How to complete this task: What you write should be an exact copy of the material, from its first line through the line containing "Mature man crouching, lining".

──────── Dataset excerpts

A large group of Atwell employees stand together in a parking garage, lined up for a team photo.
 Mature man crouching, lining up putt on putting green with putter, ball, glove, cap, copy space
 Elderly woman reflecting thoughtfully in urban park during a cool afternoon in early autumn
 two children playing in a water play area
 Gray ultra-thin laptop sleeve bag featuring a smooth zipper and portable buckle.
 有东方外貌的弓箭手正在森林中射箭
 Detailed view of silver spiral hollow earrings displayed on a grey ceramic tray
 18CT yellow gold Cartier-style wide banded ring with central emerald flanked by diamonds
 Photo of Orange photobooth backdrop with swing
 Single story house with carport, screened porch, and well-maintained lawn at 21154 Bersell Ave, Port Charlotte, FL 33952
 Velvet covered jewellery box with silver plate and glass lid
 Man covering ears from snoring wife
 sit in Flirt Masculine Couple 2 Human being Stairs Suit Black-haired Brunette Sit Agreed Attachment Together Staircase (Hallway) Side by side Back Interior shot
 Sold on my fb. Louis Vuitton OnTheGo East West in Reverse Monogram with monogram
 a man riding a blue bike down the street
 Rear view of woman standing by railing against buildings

────────────────

Response below:
A large group of Atwell employees stand together in a parking garage, lined up for a team photo.
 Mature man crouching, lining up putt on putting green with putter, ball, glove, cap, copy space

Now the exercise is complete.